- _Entries supplied_
'''
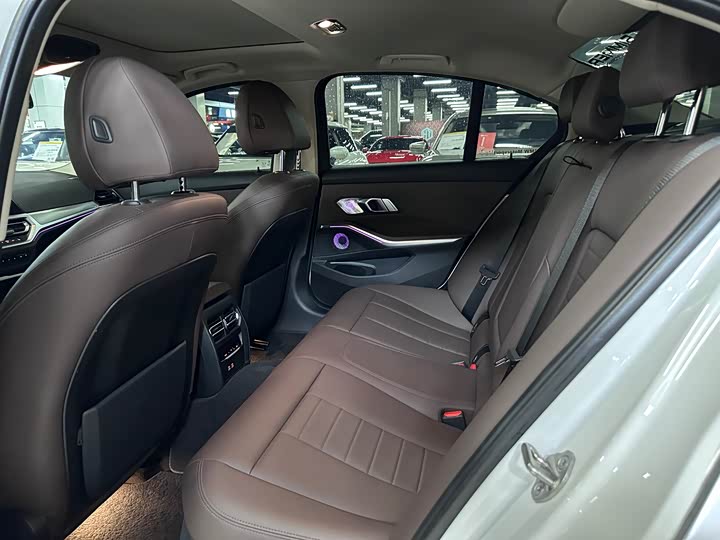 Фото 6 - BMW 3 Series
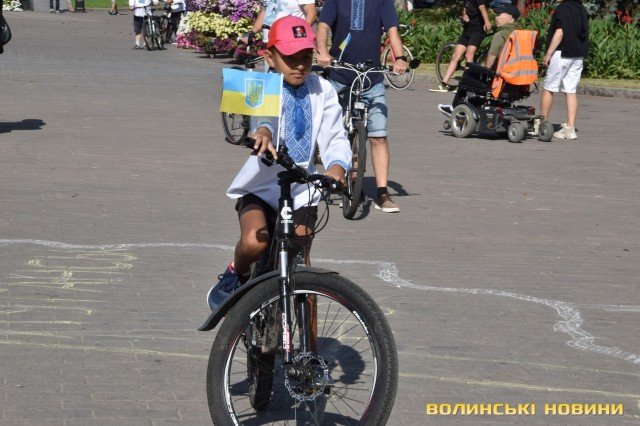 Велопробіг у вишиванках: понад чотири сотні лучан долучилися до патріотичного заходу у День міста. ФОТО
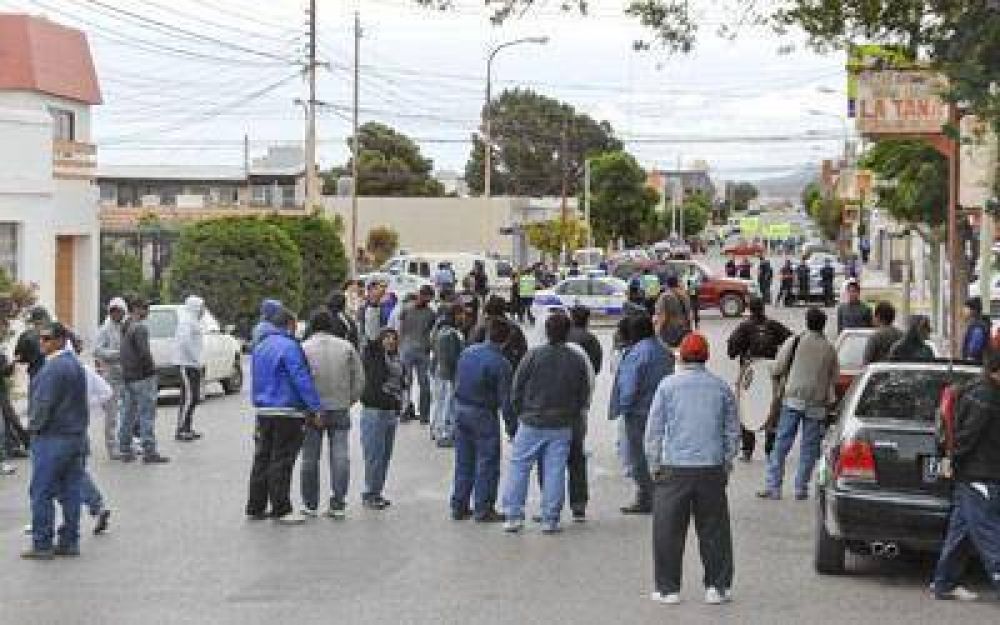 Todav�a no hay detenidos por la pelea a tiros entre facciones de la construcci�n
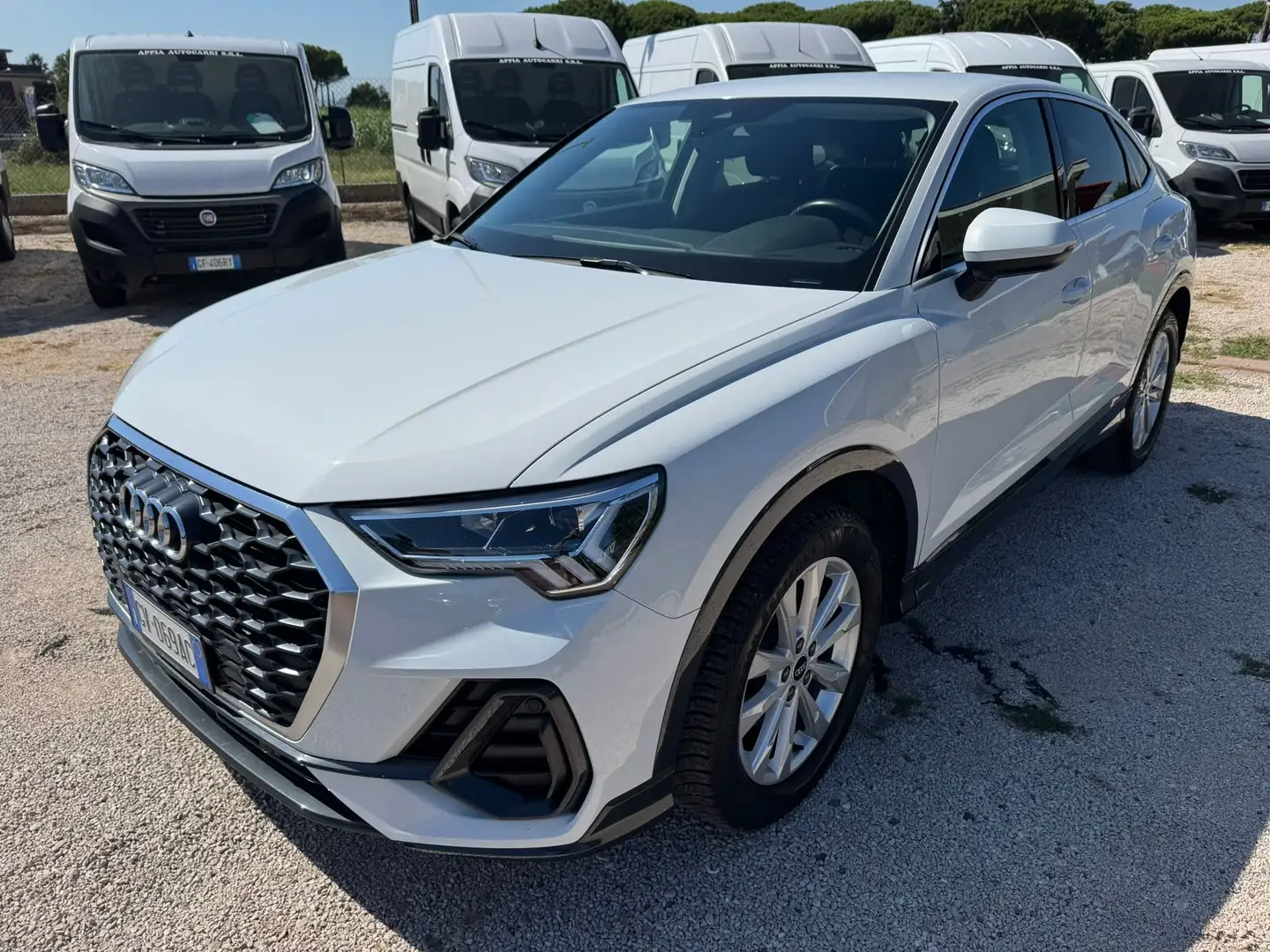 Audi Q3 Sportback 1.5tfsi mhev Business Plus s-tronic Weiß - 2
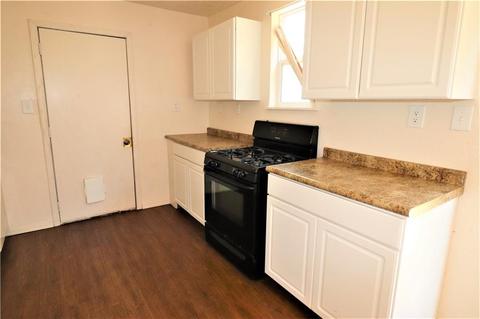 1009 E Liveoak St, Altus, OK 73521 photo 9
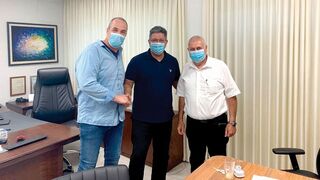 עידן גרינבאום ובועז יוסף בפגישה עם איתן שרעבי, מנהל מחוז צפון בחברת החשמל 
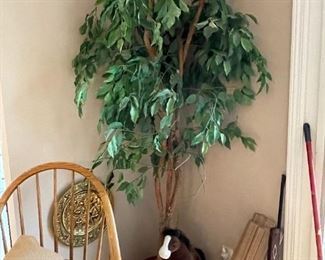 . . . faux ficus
'''
- _Required work_
Please copy the records above word for word, leaving out every picture.

- _Exercise result_
 Фото 6 - BMW 3 Series
 Велопробіг у вишиванках: понад чотири сотні лучан долучилися до патріотичного заходу у День міста. ФОТО
 Todav�a no hay detenidos por la pelea a tiros entre facciones de la construcci�n
 Audi Q3 Sportback 1.5tfsi mhev Business Plus s-tronic Weiß - 2
 1009 E Liveoak St, Altus, OK 73521 photo 9
 עידן גרינבאום ובועז יוסף בפגישה עם איתן שרעבי, מנהל מחוז צפון בחברת החשמל 
 . . . faux ficus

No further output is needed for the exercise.